Source records:
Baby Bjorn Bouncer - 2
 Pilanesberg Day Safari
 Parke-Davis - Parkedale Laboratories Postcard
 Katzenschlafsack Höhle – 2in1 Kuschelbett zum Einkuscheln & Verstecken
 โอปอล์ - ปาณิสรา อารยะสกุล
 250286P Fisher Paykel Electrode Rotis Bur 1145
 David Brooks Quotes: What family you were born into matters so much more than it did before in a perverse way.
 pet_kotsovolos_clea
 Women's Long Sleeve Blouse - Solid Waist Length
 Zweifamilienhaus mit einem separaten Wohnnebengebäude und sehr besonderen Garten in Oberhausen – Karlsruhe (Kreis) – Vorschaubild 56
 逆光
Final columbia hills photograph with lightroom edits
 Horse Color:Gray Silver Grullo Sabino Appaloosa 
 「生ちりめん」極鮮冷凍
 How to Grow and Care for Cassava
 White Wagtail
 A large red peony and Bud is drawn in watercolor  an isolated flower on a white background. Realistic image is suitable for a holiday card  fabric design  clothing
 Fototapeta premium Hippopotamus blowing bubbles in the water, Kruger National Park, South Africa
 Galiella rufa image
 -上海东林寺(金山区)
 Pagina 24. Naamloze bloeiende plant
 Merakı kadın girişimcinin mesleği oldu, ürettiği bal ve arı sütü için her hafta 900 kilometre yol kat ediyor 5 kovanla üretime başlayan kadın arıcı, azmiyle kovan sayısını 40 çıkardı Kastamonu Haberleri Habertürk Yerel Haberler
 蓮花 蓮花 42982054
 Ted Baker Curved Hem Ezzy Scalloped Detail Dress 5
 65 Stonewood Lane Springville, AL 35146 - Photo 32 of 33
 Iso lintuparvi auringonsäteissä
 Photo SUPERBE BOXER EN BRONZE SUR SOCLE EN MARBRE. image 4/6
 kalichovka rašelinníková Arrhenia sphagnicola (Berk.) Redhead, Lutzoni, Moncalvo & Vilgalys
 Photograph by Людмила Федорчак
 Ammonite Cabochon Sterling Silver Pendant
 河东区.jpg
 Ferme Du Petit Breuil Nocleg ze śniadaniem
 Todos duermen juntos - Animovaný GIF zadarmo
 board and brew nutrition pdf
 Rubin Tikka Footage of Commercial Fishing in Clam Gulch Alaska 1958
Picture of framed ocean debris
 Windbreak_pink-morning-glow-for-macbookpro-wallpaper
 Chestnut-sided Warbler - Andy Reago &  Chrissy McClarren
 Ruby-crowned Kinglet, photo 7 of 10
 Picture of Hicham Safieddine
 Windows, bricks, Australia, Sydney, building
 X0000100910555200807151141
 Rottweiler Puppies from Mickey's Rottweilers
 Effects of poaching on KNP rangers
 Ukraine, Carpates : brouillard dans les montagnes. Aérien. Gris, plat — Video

> **Instructions for the task**: Please copy out every line shown above, exactly.

> **Written response**:
Baby Bjorn Bouncer - 2
 Pilanesberg Day Safari
 Parke-Davis - Parkedale Laboratories Postcard
 Katzenschlafsack Höhle – 2in1 Kuschelbett zum Einkuscheln & Verstecken
 โอปอล์ - ปาณิสรา อารยะสกุล
 250286P Fisher Paykel Electrode Rotis Bur 1145
 David Brooks Quotes: What family you were born into matters so much more than it did before in a perverse way.
 pet_kotsovolos_clea
 Women's Long Sleeve Blouse - Solid Waist Length
 Zweifamilienhaus mit einem separaten Wohnnebengebäude und sehr besonderen Garten in Oberhausen – Karlsruhe (Kreis) – Vorschaubild 56
 逆光
Final columbia hills photograph with lightroom edits
 Horse Color:Gray Silver Grullo Sabino Appaloosa 
 「生ちりめん」極鮮冷凍
 How to Grow and Care for Cassava
 White Wagtail
 A large red peony and Bud is drawn in watercolor  an isolated flower on a white background. Realistic image is suitable for a holiday card  fabric design  clothing
 Fototapeta premium Hippopotamus blowing bubbles in the water, Kruger National Park, South Africa
 Galiella rufa image
 -上海东林寺(金山区)
 Pagina 24. Naamloze bloeiende plant
 Merakı kadın girişimcinin mesleği oldu, ürettiği bal ve arı sütü için her hafta 900 kilometre yol kat ediyor 5 kovanla üretime başlayan kadın arıcı, azmiyle kovan sayısını 40 çıkardı Kastamonu Haberleri Habertürk Yerel Haberler
 蓮花 蓮花 42982054
 Ted Baker Curved Hem Ezzy Scalloped Detail Dress 5
 65 Stonewood Lane Springville, AL 35146 - Photo 32 of 33
 Iso lintuparvi auringonsäteissä
 Photo SUPERBE BOXER EN BRONZE SUR SOCLE EN MARBRE. image 4/6
 kalichovka rašelinníková Arrhenia sphagnicola (Berk.) Redhead, Lutzoni, Moncalvo & Vilgalys
 Photograph by Людмила Федорчак
 Ammonite Cabochon Sterling Silver Pendant
 河东区.jpg
 Ferme Du Petit Breuil Nocleg ze śniadaniem
 Todos duermen juntos - Animovaný GIF zadarmo
 board and brew nutrition pdf
 Rubin Tikka Footage of Commercial Fishing in Clam Gulch Alaska 1958
Picture of framed ocean debris
 Windbreak_pink-morning-glow-for-macbookpro-wallpaper
 Chestnut-sided Warbler - Andy Reago &  Chrissy McClarren
 Ruby-crowned Kinglet, photo 7 of 10
 Picture of Hicham Safieddine
 Windows, bricks, Australia, Sydney, building
 X0000100910555200807151141
 Rottweiler Puppies from Mickey's Rottweilers
 Effects of poaching on KNP rangers
 Ukraine, Carpates : brouillard dans les montagnes. Aérien. Gris, plat — Video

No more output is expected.